Friday, December 24, 2010

2.4.2. Telephone

The telephone network also uses both wire line and wireless methods to deliver voice communications between people, and data communications between computers and people or other computers. The part of the telephone network that currently serves individual residences and many businesses operates in an analog mode, uses copper wires, and relays electronic signals that are continuous, such as the human voice. Digital transmission via fiber-optic cables is now used in some sections of the telephone network that send large amounts of calls over long distances. However, since the rest of the telephone system is still analog, these digital signals must be converted back to analog before they reach users. The telephone network is stable and reliable, because it uses its own wire system that is powered by low-voltage direct current from the telephone company. Telephone networks modulate voice communications over these wires. A complex system of network switches maintains the telephone links between callers. Telephone networks also use microwave relay stations to send calls from place to place on the ground. Satellites are used by telephone networks to transmit telephone calls across countries and oceans.

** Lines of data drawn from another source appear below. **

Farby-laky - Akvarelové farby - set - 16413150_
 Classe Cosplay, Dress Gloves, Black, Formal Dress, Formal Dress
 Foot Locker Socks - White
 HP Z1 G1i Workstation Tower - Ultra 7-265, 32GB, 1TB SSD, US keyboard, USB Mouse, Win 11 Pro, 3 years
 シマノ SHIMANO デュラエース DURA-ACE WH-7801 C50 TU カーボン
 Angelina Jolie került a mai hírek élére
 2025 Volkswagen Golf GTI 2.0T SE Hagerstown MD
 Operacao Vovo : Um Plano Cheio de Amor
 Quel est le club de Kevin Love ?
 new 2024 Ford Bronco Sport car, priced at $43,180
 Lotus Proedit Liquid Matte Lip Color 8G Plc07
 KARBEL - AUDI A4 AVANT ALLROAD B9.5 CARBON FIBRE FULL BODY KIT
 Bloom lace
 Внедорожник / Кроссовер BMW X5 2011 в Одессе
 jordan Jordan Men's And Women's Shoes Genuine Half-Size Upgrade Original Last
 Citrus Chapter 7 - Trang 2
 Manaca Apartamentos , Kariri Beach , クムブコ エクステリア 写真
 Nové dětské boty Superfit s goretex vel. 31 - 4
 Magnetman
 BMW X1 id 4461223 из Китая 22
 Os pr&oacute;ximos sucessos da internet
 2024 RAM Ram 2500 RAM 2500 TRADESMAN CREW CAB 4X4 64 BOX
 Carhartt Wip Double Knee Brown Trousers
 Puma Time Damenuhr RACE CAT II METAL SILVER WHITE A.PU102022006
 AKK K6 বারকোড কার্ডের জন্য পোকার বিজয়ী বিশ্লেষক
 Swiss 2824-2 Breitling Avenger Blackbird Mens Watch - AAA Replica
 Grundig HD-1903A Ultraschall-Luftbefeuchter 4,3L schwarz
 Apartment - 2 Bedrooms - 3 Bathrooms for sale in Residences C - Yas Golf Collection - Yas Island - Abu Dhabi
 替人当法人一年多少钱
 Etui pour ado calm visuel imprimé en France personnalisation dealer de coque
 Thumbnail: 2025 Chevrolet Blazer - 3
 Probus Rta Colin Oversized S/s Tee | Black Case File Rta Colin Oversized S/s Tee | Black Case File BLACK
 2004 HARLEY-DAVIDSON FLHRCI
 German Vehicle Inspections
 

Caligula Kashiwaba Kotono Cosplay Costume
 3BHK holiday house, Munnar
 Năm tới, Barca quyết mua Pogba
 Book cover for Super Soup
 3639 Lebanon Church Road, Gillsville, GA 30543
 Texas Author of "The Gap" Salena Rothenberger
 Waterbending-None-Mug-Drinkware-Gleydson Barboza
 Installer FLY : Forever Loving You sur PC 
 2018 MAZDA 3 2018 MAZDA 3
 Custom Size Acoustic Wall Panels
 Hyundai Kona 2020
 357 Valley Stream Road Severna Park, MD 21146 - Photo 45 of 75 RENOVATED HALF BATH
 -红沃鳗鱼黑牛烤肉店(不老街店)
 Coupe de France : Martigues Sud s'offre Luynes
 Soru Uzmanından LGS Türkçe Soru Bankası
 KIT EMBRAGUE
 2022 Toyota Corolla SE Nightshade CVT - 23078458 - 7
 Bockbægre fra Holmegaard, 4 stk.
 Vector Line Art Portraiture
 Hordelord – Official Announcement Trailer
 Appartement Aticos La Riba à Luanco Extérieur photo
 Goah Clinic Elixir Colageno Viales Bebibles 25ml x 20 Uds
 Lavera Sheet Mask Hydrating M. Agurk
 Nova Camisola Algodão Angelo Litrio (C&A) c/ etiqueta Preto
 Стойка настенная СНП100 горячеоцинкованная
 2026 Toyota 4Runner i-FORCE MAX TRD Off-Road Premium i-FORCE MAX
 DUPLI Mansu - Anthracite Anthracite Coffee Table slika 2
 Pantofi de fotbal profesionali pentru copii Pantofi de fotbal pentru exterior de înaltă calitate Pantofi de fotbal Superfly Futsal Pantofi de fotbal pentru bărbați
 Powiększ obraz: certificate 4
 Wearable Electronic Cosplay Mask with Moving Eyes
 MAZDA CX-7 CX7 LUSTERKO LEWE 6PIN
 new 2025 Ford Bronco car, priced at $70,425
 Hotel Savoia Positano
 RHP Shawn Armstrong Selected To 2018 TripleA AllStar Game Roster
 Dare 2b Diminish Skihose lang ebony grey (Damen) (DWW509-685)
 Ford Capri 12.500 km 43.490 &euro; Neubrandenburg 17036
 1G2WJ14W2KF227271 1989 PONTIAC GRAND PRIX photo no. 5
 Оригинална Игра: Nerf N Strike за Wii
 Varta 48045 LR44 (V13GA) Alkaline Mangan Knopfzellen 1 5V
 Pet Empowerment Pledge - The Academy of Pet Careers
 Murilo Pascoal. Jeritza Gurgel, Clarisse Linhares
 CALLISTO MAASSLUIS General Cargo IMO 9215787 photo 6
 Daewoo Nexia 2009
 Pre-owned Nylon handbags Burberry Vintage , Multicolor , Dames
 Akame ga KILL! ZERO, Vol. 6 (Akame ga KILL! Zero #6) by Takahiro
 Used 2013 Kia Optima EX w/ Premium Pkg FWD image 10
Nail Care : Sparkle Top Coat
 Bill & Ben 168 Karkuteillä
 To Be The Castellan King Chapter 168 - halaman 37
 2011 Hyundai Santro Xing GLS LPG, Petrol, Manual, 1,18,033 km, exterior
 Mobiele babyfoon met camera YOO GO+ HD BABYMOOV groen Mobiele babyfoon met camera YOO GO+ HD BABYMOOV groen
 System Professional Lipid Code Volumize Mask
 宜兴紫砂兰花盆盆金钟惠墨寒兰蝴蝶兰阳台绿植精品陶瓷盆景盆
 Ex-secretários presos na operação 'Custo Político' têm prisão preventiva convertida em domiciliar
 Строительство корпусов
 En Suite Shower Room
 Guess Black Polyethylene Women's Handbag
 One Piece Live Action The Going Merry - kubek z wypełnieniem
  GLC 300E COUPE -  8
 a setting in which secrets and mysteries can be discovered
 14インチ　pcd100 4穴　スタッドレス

In an analogue telephone network, the caller is connected to the person he wants to talk to by switches at various telephone exchanges. The switches form an electrical connection between the two users and the setting of these switches is determined electronically when the caller dials the number. Once the connection is made, the caller's voice is transformed to an electrical signal using a small microphone in the caller's handset. This electrical signal is then sent through the network to the user at the other end where it is transformed back into sound by a small speaker in that person's handset. There is a separate electrical connection that works in reverse, allowing the users to converse.

The fixed-line telephones in most residential homes are analogue — that is, the speaker's voice directly determines the signal's voltage. Although short-distance calls may be handled from end-to-end as analogue signals, increasingly telephone service providers are transparently converting the signals to digital for transmission before converting them back to analogue for reception. The advantage of this is that digitized voice data can travel side-by-side with data from the Internet and can be perfectly reproduced in long distance communication (as opposed to analogue signals that are inevitably impacted by noise).

Mobile phones have had a significant impact on telephone networks. Mobile phone subscriptions now outnumber fixed-line subscriptions in many markets. Sales of mobile phones in 2005 totaled 816.6 million with that figure being almost equally shared amongst the markets of Asia/Pacific (204 m), Western Europe (164 m), CEMEA (Central Europe, the Middle East and Africa) (153.5 m), North America (148 m) and Latin America (102 m). In terms of new subscriptions over the five years from 1999, Africa has outpaced other markets with 58.2% growth. Increasingly these phones are being serviced by systems where the voice content is transmitted digitally such as GSM or W-CDMA with many markets choosing to depreciate analogue systems such as AMPS.